╭──

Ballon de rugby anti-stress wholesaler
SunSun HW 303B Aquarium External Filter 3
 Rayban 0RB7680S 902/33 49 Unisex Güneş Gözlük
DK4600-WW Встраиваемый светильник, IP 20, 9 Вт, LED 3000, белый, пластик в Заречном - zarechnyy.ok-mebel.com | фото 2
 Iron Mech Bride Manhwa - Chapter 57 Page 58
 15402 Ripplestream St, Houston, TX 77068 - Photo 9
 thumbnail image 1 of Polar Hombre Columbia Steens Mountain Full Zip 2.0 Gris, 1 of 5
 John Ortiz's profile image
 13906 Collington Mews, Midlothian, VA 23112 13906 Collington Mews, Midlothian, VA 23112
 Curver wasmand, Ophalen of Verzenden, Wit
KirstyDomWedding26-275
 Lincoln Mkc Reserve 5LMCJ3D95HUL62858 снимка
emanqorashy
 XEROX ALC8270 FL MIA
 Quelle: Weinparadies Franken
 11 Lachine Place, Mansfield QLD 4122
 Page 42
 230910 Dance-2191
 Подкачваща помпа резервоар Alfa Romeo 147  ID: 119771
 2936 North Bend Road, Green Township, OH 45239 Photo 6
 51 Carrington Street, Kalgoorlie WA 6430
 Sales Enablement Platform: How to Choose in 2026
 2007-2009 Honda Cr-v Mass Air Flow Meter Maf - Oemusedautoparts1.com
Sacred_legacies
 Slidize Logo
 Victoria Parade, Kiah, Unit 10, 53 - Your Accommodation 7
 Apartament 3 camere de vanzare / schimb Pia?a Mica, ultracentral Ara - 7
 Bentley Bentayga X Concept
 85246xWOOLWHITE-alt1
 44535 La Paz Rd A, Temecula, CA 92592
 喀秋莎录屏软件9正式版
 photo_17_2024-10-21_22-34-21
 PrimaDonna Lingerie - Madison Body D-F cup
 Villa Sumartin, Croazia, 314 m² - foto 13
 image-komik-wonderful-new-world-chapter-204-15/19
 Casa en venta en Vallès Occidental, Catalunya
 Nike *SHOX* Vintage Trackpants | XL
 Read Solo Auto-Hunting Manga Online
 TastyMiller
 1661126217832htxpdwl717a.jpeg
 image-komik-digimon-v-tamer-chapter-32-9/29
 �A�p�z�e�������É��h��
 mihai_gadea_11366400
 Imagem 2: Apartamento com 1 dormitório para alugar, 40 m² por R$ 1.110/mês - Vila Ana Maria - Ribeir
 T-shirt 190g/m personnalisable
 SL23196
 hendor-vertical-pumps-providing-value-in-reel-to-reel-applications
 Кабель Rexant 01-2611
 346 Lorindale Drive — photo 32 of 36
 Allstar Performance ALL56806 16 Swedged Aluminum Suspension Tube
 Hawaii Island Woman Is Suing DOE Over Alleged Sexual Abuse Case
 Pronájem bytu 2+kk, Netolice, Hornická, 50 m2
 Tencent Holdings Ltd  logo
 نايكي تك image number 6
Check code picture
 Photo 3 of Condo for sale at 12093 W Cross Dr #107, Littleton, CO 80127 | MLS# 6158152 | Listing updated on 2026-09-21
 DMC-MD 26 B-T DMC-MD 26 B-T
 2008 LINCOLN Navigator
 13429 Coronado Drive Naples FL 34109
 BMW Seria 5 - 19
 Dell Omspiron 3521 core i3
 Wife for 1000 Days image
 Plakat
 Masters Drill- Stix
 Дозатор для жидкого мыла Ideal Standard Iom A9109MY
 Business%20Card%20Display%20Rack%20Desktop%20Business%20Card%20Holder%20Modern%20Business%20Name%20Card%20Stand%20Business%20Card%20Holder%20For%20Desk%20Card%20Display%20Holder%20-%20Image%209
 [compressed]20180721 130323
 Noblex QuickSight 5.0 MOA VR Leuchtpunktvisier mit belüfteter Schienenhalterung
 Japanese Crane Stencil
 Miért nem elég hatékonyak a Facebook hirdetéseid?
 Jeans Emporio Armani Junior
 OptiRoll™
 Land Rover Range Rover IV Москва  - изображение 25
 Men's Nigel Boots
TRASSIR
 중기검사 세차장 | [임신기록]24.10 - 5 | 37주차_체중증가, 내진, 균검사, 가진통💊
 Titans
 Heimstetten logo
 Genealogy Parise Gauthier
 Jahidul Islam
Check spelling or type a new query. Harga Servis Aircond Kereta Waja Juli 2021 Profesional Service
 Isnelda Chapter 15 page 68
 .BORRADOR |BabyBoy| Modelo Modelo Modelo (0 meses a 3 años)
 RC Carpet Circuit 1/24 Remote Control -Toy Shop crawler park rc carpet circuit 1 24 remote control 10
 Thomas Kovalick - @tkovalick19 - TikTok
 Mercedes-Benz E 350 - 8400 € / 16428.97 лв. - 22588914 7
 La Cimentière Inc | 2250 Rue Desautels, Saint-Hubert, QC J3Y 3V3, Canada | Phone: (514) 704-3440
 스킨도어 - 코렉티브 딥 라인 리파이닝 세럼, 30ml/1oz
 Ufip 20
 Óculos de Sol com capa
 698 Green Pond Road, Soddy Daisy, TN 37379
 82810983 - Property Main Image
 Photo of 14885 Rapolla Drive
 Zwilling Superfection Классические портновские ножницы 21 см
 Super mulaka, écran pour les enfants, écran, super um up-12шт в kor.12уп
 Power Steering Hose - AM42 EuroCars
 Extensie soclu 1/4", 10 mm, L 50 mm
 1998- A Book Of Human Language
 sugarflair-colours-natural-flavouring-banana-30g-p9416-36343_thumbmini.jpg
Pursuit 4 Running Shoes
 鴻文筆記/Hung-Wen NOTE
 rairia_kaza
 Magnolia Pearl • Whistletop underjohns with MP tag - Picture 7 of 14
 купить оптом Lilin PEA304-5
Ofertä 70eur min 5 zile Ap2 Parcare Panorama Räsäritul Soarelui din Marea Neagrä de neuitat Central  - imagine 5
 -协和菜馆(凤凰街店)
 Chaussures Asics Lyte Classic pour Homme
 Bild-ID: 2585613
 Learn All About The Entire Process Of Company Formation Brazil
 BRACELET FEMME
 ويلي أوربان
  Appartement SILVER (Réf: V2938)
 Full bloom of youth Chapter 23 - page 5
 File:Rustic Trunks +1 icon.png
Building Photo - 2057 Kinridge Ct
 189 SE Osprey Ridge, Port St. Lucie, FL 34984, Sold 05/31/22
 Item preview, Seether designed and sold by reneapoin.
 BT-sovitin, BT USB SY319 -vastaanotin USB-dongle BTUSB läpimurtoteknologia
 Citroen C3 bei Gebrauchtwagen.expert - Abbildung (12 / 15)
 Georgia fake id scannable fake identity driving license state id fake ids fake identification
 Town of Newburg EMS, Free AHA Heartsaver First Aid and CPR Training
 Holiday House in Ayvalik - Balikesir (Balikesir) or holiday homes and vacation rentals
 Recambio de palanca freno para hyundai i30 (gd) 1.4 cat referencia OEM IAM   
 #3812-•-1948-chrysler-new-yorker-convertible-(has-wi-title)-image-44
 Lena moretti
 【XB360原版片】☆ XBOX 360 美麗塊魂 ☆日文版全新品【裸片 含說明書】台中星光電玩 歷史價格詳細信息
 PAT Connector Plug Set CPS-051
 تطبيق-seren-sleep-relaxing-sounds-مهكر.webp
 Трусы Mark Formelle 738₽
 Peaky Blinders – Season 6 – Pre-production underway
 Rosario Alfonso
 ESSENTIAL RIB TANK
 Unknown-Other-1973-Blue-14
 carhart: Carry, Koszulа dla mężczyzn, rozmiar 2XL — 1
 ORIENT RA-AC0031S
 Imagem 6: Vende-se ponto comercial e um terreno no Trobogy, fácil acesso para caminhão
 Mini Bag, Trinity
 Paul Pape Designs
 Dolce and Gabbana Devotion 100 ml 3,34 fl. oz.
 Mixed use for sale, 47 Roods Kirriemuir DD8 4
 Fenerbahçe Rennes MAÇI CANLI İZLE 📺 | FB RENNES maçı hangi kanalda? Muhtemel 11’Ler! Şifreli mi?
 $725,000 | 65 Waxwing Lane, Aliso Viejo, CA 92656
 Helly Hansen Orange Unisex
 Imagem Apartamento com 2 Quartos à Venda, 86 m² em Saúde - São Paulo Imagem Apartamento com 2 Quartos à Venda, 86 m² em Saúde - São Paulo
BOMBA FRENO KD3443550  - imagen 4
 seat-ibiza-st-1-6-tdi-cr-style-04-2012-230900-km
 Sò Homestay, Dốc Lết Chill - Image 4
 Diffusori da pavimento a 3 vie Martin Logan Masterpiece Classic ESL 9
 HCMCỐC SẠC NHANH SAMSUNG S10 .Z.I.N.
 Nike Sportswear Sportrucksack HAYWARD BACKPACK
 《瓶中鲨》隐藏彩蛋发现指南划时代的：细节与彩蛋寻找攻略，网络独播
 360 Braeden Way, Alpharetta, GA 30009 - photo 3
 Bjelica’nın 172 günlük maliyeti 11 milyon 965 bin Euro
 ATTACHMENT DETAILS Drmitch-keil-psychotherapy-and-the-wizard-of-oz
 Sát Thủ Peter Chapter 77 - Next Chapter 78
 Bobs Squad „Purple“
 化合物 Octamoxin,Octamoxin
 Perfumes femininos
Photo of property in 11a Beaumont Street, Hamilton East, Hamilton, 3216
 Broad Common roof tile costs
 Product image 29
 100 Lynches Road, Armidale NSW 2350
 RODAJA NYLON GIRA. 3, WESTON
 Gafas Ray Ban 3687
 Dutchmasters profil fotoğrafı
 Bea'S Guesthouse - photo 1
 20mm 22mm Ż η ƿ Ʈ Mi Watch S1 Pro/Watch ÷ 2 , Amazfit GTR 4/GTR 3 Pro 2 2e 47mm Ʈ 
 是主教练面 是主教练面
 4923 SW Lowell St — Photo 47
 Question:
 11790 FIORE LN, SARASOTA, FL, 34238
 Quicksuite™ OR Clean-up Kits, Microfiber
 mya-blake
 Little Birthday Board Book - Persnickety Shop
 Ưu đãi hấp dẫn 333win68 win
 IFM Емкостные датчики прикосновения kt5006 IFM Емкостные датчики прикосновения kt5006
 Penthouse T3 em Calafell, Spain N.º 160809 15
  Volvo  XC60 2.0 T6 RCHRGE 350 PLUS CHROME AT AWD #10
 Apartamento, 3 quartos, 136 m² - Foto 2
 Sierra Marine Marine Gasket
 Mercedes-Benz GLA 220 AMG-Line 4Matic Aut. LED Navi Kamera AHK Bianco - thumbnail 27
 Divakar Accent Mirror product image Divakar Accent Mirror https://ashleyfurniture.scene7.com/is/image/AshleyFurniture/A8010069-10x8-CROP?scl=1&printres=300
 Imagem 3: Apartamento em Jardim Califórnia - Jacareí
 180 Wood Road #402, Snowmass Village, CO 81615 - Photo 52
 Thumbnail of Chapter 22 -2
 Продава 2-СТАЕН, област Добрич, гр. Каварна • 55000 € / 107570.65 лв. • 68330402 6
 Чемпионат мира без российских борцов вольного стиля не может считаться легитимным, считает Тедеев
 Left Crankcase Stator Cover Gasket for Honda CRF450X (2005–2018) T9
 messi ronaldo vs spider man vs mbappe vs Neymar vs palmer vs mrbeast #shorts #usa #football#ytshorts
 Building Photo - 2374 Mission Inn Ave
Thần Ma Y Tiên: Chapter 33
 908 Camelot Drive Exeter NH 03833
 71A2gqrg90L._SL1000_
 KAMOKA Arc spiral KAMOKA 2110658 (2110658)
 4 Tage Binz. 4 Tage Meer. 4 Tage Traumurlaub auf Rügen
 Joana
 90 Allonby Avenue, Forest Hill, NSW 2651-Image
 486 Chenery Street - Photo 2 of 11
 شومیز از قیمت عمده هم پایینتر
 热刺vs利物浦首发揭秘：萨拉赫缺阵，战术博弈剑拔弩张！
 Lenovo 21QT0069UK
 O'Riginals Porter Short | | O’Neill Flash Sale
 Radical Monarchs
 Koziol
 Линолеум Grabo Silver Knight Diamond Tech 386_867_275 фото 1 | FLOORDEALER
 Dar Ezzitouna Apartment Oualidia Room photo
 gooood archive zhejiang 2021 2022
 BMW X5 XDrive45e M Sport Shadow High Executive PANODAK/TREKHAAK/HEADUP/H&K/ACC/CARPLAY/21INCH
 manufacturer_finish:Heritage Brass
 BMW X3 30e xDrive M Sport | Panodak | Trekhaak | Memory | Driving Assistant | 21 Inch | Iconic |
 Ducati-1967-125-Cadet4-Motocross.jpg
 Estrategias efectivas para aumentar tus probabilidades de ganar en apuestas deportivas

╰──

# Required work
The lines you need run from the one containing "O'Riginals Porter Short" to the end of the listing. Output exactly those, both ends included.

# Written answer
 O'Riginals Porter Short | | O’Neill Flash Sale
 Radical Monarchs
 Koziol
 Линолеум Grabo Silver Knight Diamond Tech 386_867_275 фото 1 | FLOORDEALER
 Dar Ezzitouna Apartment Oualidia Room photo
 gooood archive zhejiang 2021 2022
 BMW X5 XDrive45e M Sport Shadow High Executive PANODAK/TREKHAAK/HEADUP/H&K/ACC/CARPLAY/21INCH
 manufacturer_finish:Heritage Brass
 BMW X3 30e xDrive M Sport | Panodak | Trekhaak | Memory | Driving Assistant | 21 Inch | Iconic |
 Ducati-1967-125-Cadet4-Motocross.jpg
 Estrategias efectivas para aumentar tus probabilidades de ganar en apuestas deportivas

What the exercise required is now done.